I thought your response to your student was good. Obviously he has not been taught that what you put out into the world, whether online or in real life, is a part of who you are.

grumpyrumblings said...

I had this same conversation with a professor the other week (not the online part), arguing about how some libertarian wasn't racist, he just did racist things. I said pretty much the same thing...

Yoisthisracist covers it from time to time, so I think it must be pretty widespread, this idea that if deep in our hearts we don't want to be called racist, then we're not really racist no matter how racist our actions are. That, of course, is BS. Nobody wants to be called racist, especially not racists.

Buddy H said...

A friend recently became single, and she told me she went on craigslist to look for eligible bachelors. I told her I didn't think it was a good idea; a lot of these craigslist men are crazy and/or dangerous. She found this, and sent me the link:

This man was disgusted by the sight of a black guy walking with a pregnant white woman. He took a cellphone photo of them, and posted in craigslist "men seeking women" with the title "If this pic makes you sick you might be the girl for me."
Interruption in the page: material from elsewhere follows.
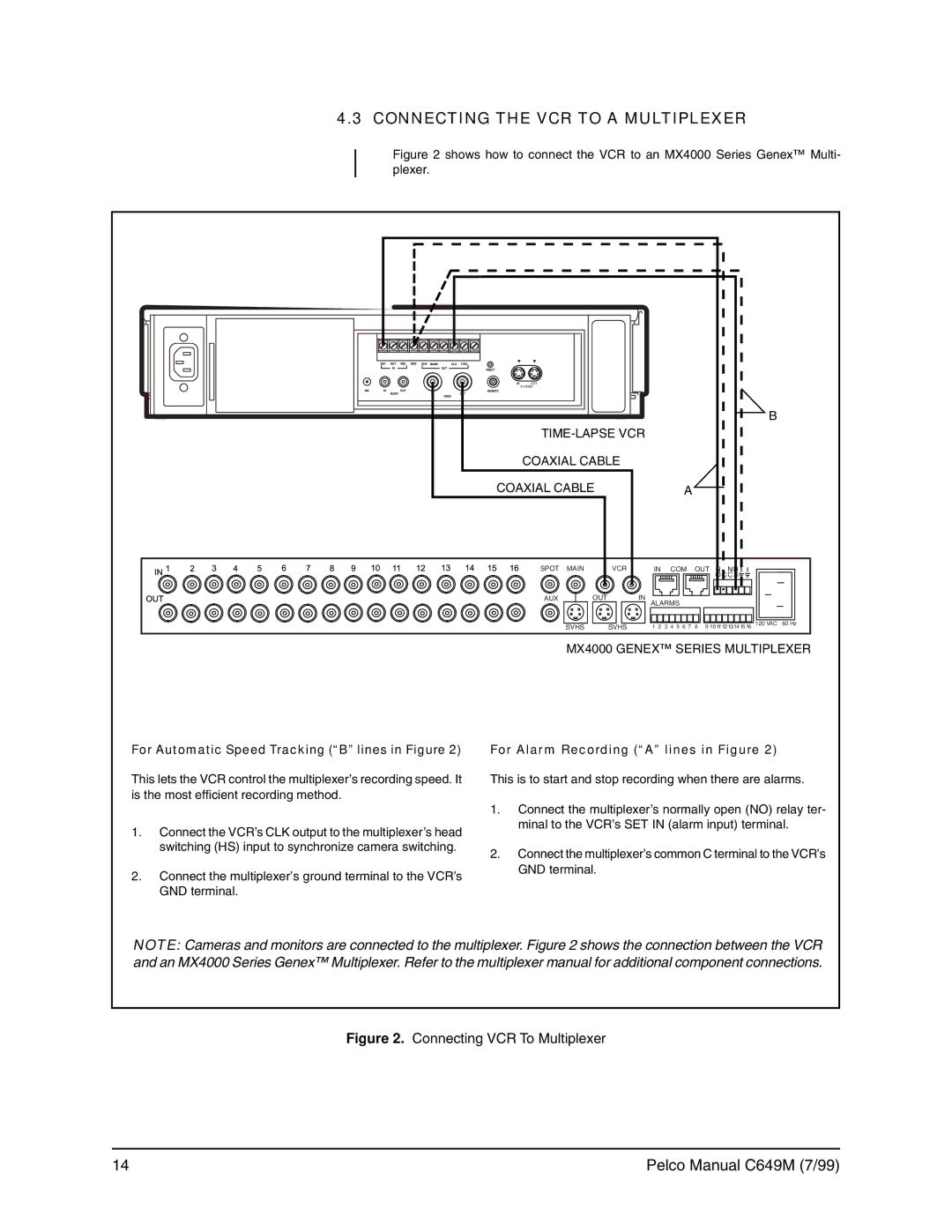 Pelco c649m Connecting the VCR to a Multiplexer, TIME-LAPSE VCR Coaxial Cable, MX4000 Genex Series Multiplexer 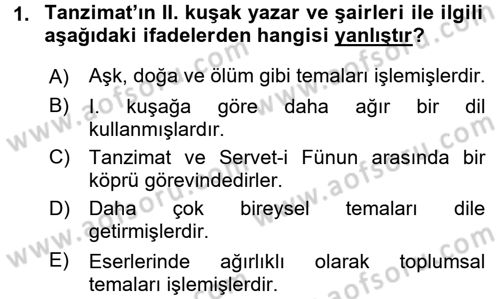 2. Abdülhamit Dönemi Türk Edebiyatı Dersi 2015 - 2016 Yılı (Final) Dönem Sonu Sınav Soruları 1. Soru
So even racists need love. Any women out there want to catch this prize bachelor? Or at the very least, make his life a living hell?

chauncey devega said...

I am sure there are white supremacist dating sites...hmmm I just got an idea.

chauncey devega said...

He seems like a nice guy. That is the point. There are "nice" racists, sexists, homophobes, bigots, etc. I am really concerned about the big picture and how our schools that in embracing STEM at all costs, no child left behind, and other programs are just glorified trade academies that are not teaching people how to think.

chauncey devega said...

Goodness. How did someone who is supposed to know better rationalize this mess?

chauncey devega said...

What are your thoughts about thy "why couldn't they?"

joe manning said...

Its a case of expanding the objective at the expense of the subjective, supplanting morality with immorality. Sadly most young folks don't get to go to college to learn basic Soc 101. There's too much dog eat dog and not near enough love in the real world.

grumpyrumblings said...

It is a complete mystery to me-- especially since as economists we tend to believe people are what their actions say they are, not whatever they claim is in their hearts. You're a puppy-kicker if you kick puppies, even if it makes you sad when you do it. Not about racism, but we discuss this whole heart vs action thing here:

One of my more enlightened male economist friends says male economists tend to have blinders on and start thinking irrationally whenever research is about gender. I'm willing to be the same is true about race for many of them. (Though they mostly know they're not supposed to say overtly racist things.) That usually means blaming "pre-labor market conditions" (aka schooling and housing segregation) for differences in outcomes. A lot of people were shocked when Bertrand and Mullainathan recently showed that racism still exists for realz. (And a lot of them thought B&M were the first people to show that outcome(!) )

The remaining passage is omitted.